Selaras dengan pendirianya
tentang yang ada, dalam prinsip etis dan mengejar cita-cita etis, realisme
menyesuaikan dengan hidup nyata. Artinya ia menolak paham yang hanya berpegang
pada prinsip etis dengan alasan tidak mungkin dilaksanakan (tidak realistis)
Dalam setiap melaksanakan prinsip dan cita-cita etisnya paham ini selalu
memperhitungkan semua faktor; situasi, kondisi, keadaan, ideologi, politik,
ekonomi, sosial, budaya dan orang-orang yang terlibat.
Kalau kita tengok lebih jauh
pada dasarnya kemunculan aliran ini bukan berdiri sendiri. Ia terkait dengan
konsepsi dasar filosofis materialisme dialektik dan materialisme historis
(marxisme) yang digagas oleh Karl Marx dan Fedrik Engels. Walaupun orang
seperti Pramudya mengaku tidak pernah belajar Marxis, namun berbagai karya
sastra baik dalam bentuk novel, cerpen maupun romannya membuktikan keterkaitan
tersebut. Apa sebenarnya dasar filosofi Marxis yang mempengaruhi sastra ini?
Pertanyaan ini adalah suatu
pertanyaan mendasar berkaitan dasar teoritik marxisme dalam segala bidang.

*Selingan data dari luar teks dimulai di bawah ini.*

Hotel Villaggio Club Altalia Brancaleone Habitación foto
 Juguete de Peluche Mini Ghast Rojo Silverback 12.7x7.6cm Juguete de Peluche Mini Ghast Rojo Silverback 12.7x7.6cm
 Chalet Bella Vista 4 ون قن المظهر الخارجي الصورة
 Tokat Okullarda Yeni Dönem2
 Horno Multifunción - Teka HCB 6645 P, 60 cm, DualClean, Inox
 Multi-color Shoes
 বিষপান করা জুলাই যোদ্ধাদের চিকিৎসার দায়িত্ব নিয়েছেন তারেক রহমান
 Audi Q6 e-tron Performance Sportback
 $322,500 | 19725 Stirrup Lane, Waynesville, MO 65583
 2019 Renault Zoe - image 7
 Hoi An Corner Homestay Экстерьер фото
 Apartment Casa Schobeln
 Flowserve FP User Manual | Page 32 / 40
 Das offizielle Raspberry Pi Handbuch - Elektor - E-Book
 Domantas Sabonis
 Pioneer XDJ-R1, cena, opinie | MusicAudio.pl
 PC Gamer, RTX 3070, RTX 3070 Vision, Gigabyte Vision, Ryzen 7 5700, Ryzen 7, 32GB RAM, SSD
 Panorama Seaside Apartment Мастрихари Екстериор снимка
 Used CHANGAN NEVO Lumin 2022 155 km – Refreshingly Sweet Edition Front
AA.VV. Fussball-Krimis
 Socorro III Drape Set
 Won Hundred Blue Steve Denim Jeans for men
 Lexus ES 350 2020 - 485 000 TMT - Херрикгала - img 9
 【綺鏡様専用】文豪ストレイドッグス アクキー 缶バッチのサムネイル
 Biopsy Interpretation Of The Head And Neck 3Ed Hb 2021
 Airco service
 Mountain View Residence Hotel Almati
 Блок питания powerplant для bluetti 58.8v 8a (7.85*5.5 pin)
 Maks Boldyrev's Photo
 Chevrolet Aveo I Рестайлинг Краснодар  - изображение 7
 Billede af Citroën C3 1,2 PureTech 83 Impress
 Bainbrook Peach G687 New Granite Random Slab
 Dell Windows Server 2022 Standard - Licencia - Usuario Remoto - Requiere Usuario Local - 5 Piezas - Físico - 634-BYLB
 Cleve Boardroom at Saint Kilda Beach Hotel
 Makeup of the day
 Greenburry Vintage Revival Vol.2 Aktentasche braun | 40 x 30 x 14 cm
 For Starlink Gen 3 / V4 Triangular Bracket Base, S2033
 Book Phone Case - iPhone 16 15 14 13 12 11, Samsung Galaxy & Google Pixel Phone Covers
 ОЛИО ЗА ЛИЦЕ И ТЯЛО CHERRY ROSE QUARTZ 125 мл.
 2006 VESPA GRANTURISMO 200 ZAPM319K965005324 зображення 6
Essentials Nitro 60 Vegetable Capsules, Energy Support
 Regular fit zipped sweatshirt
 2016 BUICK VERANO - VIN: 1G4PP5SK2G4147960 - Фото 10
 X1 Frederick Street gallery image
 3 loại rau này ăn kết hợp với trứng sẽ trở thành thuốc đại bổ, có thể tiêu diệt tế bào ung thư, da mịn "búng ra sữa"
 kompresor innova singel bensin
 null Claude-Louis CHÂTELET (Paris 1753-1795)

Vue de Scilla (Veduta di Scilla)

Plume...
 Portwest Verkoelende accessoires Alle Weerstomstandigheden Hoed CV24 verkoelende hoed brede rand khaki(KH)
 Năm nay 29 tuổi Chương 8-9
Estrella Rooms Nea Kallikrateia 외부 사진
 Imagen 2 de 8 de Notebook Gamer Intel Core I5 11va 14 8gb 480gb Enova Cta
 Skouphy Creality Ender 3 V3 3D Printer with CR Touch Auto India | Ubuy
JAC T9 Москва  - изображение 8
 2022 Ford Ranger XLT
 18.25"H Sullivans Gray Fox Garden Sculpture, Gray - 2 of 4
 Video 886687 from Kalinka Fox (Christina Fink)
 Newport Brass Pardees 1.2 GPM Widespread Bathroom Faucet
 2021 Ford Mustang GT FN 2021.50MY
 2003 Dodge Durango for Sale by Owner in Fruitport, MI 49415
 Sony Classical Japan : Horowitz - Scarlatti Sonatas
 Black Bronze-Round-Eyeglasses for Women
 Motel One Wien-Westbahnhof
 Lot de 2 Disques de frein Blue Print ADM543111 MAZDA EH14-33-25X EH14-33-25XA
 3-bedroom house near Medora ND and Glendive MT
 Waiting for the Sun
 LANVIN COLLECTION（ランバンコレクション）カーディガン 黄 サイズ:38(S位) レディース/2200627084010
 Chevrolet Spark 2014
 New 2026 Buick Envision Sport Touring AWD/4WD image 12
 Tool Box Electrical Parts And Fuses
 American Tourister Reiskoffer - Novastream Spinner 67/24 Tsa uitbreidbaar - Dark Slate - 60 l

Dalam meninjau hubungan struktur masyarakat Marx berpandangan bahwa ada dua
strata sosial yang ada dalam setiap zaman, yakni basis-struktur (struktur
dasar) dan supra-struktur (struktur atas). Dalam hal ini filsafat marxis
menempatkan ekonomi sebagai struktur yang secara urgen mempengaruhi
bidang-bidang lain dalam bidang suprastruktur seperti, pemikiran, politik,
agama, dan kebudayaan. Seluruh komponen suprastruktur berubah atau tidaknya
akan sangat di tentukan dari dari corak produksi ekonomi sebuah masyarakat.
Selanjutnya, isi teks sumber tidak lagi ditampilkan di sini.